Mis en examen depuis mai 2021, BNP Paribas est visée par une demande de renvoi pour blanchiment aggravé, notamment de faits de corruption et de détournement de fonds publics. Le parquet lui reproche d’avoir permis, entre 1996 et 2008, à la famille Bongo et à ses proches de convertir au moins 35 millions d’euros de fonds d’origine illicite en investissements immobiliers via Atelier 74. Interrogée par l’AFP, la banque conteste les accusations. “Nous contestons toute responsabilité pénale de BNP Paribas dans cette affaire. Nous défendrons ce dossier dont nous rappelons que les faits sont antérieurs à 2008”, déclare-t-elle.

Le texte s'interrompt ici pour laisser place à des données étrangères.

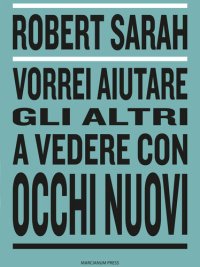 cover of the book Vorrei aiutare gli altri a vedere con occhi nuovi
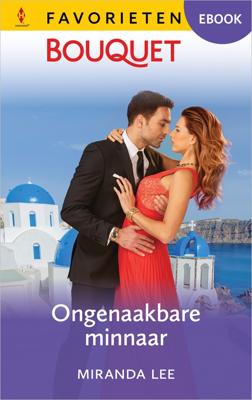 Ongenaakbare minnaar - Miranda Lee - ebook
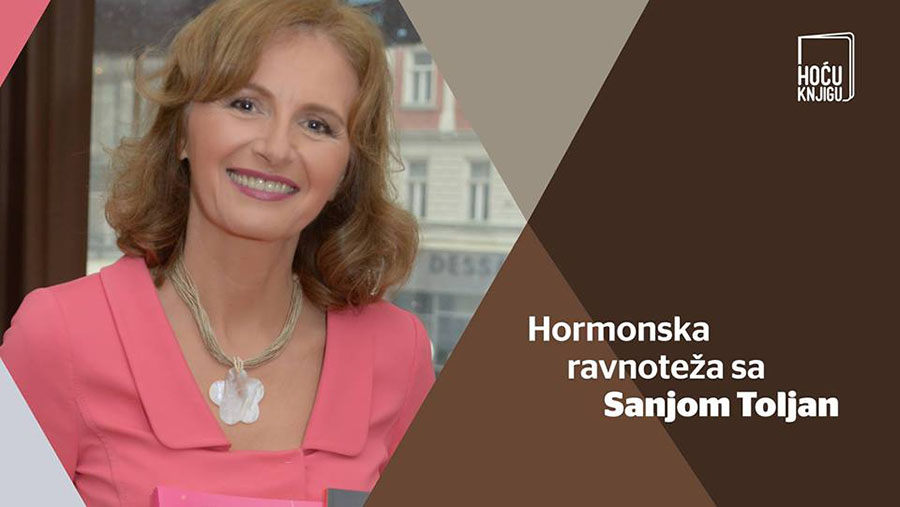 Hormonska ravnoteža sa Sanjom Toljan
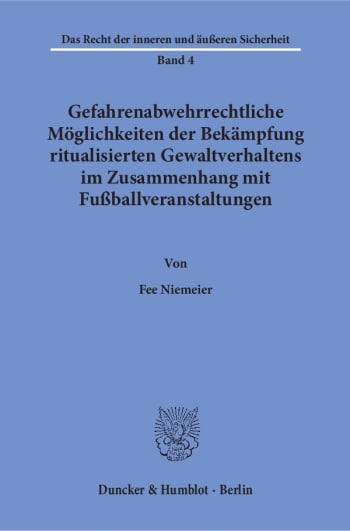 Cover: Gefahrenabwehrrechtliche Möglichkeiten der Bekämpfung ritualisierten Gewaltverhaltens im Zusammenhang mit Fußballveranstaltungen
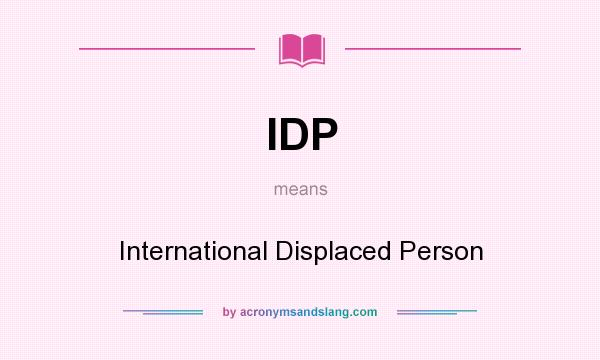 What does IDP mean? It stands for International Displaced Person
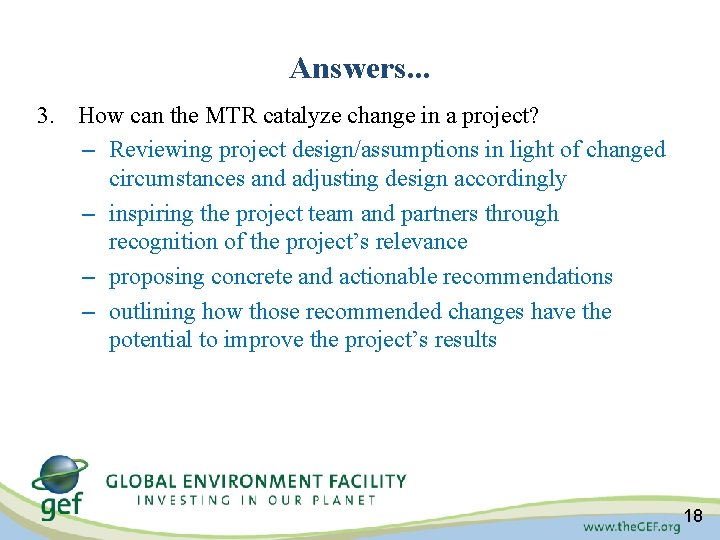 Answers. . . 3. How can the MTR catalyze change in a project? – Answers. . . 3. How can the MTR catalyze change in a project? –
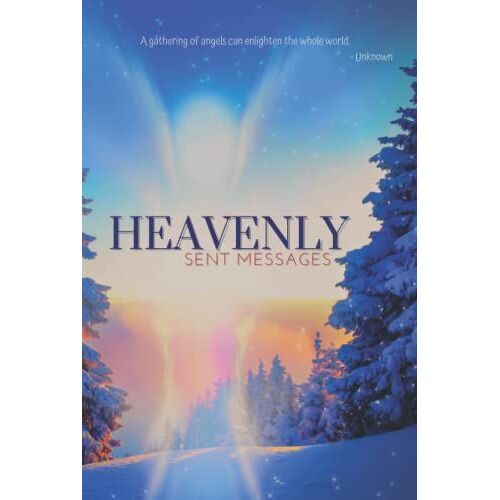 Heavenly Sent Messages: A Donnaink Publications Activity, Event, And/Or Keepsake Accompaniment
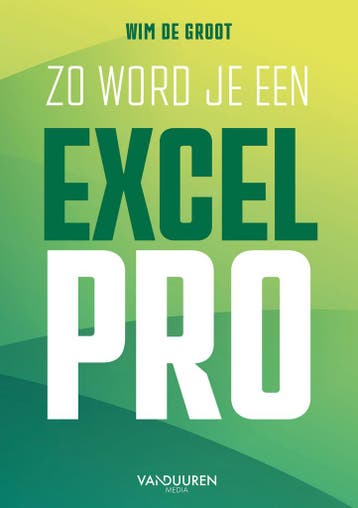 Zo word je een Excel-pro - Wim de Groot 9789463563475, Verzenden, Zo goed als nieuw, Wim de Groot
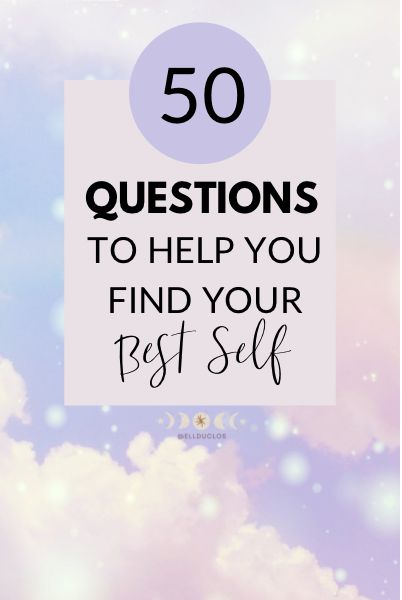 50 Questions to Answer to Find Your Best Self - Personal Growth Passion In Life, Questions To Answer, Finding Purpose In Life, 50 Questions, Become Your Best Self, Find Your Passion, My Purpose In Life, Becoming A Better You, A Better You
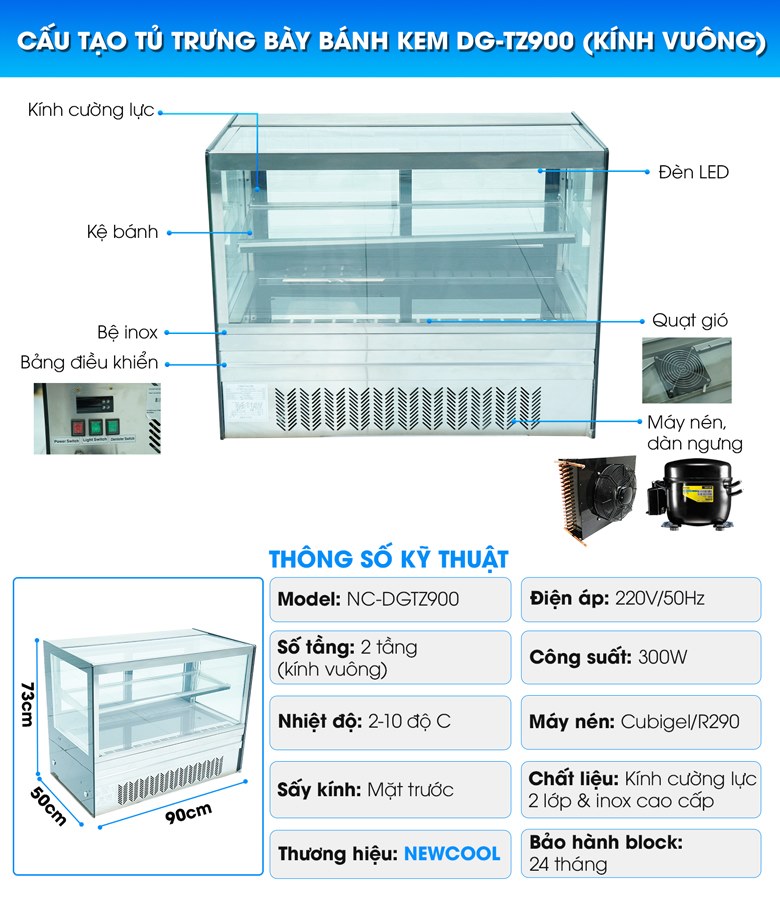 Cấu tạo tủ trưng bày bánh kem NEWCOOL DG-TZ900 (kính vuông) Cấu tạo tủ trưng bày bánh kem NEWCOOL DG-TZ900 (kính vuông)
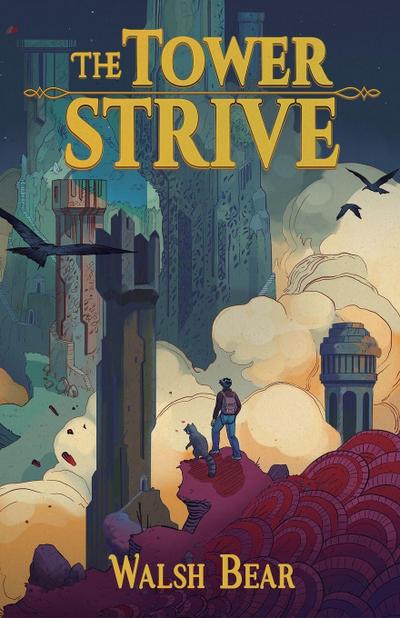 The Tower Strive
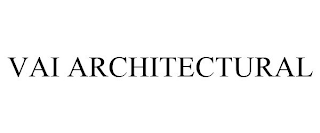 VAI ARCHITECTURAL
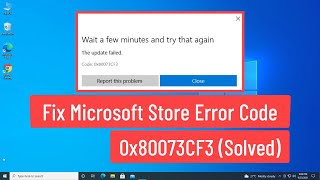 Fix Microsoft Store Error Code 0x80073CF3 Solved [upl. by Ennairol149]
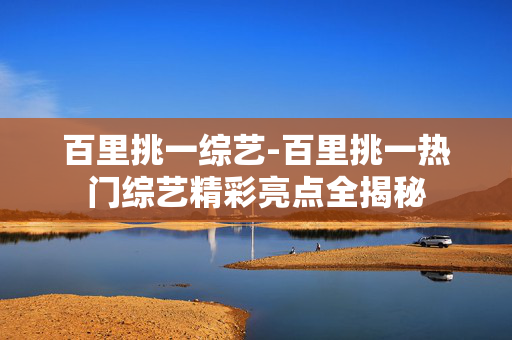 百里挑一综艺-百里挑一热门综艺精彩亮点全揭秘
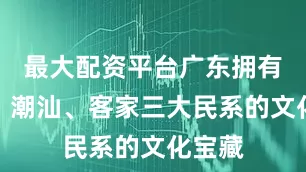 最大配资平台广东拥有广府、潮汕、客家三大民系的文化宝藏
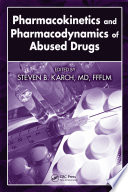 Pharmacokinetics and pharmacodynamics of abused drugs /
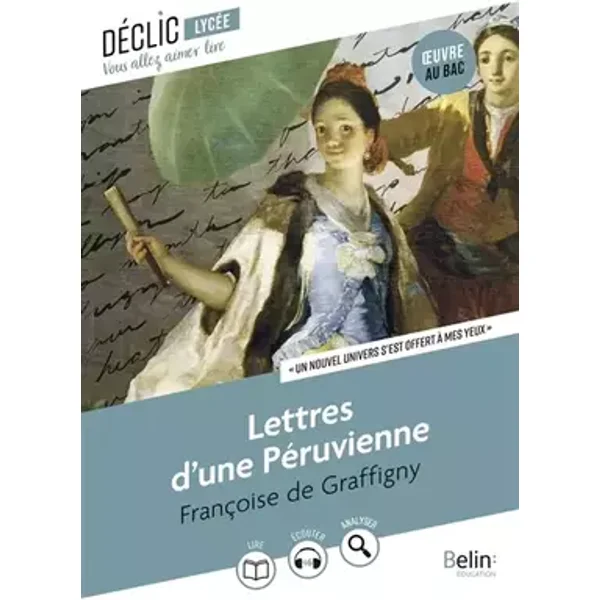Lettres d'une Péruvienne - Françoise de Graffigny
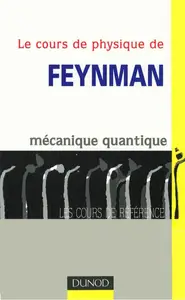 Richard Phillips Feynman, "Le cours de physique de Feynman, tome 3 : Mécanique quantique"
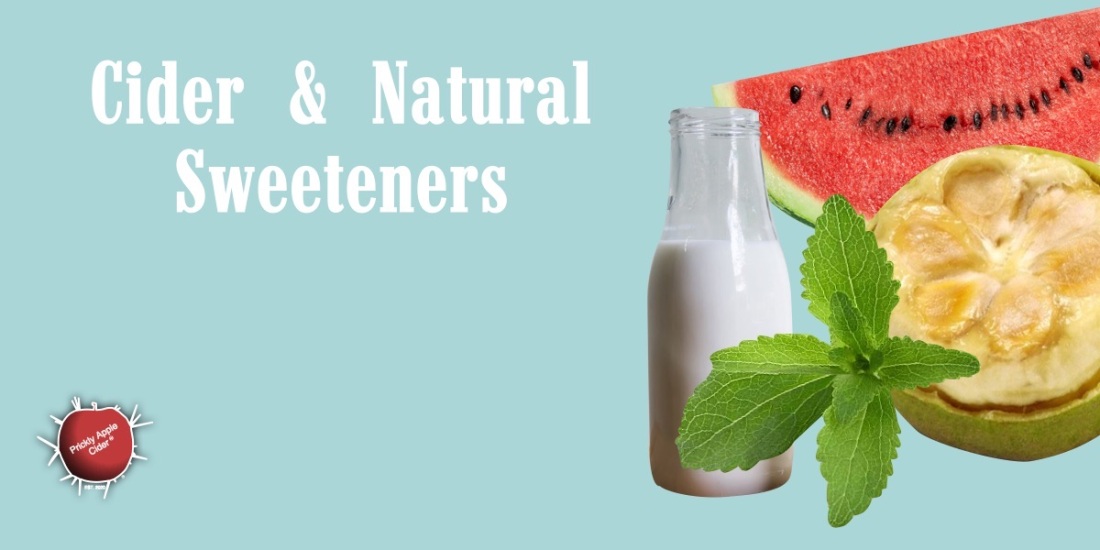 Cider & Natural Sweeteners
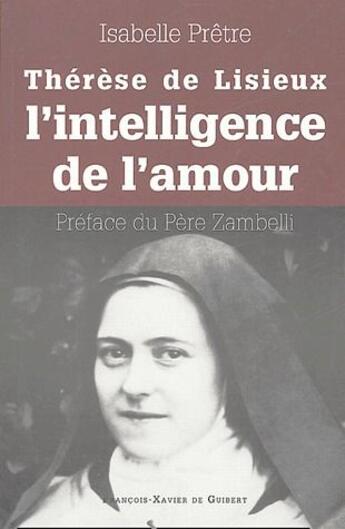 Couverture du livre « Thérèse de Lisieux ou l'intelligence de l'amour » de Isabelle Pretre aux éditions Francois-xavier De Guibert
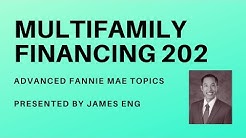 Multifamily Finance 202 with James Eng (Fannie Mae Loan- Advanced Topics) 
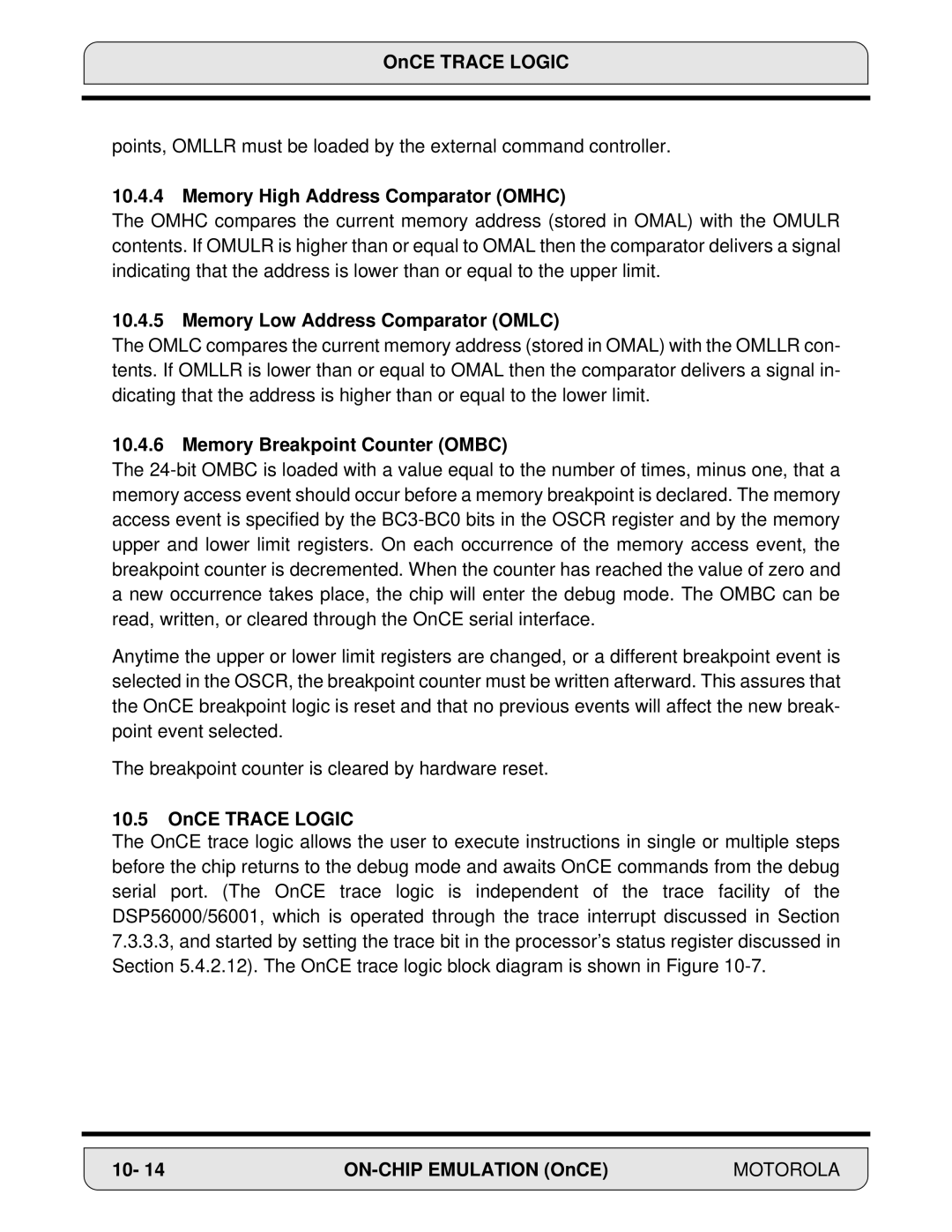 Motorola DSP56000 manual OnCE Trace Logic, Memory High Address Comparator Omhc, Memory Low Address Comparator Omlc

Parmi les descendants d’Omar Bongo concernés figurent notamment Pascaline Bongo, ancienne directrice de cabinet de son père, ainsi qu’Ali, Jeff, Hermine, Arthur, Omar Denis Junior, Yacine Queenie, Betty et Grâce Bongo. Pascaline Bongo est notamment poursuivie pour des faits présumés de recel de détournement de fonds publics, blanchiment, corruption active et passive et abus de biens sociaux. L’avocate de Grâce Bongo Odimba dénonce auprès de l’AFP “un dossier éminemment politique” et indique que sa cliente contestera les poursuites devant le tribunal. Les avocats des autres enfants d’Omar Bongo ne s’étaient pas exprimés au moment de la diffusion de la dépêche.
“Cadeau”
Le PNF demande également le renvoi d’Antoinette Sassou Nguesso, épouse du président congolais Denis Sassou Nguesso, pour un appartement situé dans le 17ᵉ arrondissement de Paris. Selon une source proche du dossier, elle fait par ailleurs l’objet d’un mandat d’arrêt délivré en janvier 2026. L’ancienne Miss France 2000 Sonia Rolland est aussi concernée par la demande de renvoi. D’après les éléments de l’enquête cités par l’AFP, elle avait reçu en 2003 un appartement parisien d’Edith Bongo, épouse d’Omar Bongo, qu’elle a présenté devant le juge d’instruction comme un “cadeau”, affirmant ne pas s’être interrogée sur l’origine des fonds ayant permis son acquisition.
En France, un dispositif adopté en 2021 prévoit que les avoirs confisqués dans les affaires de “biens mal acquis” puissent être restitués au bénéfice des populations des pays concernés.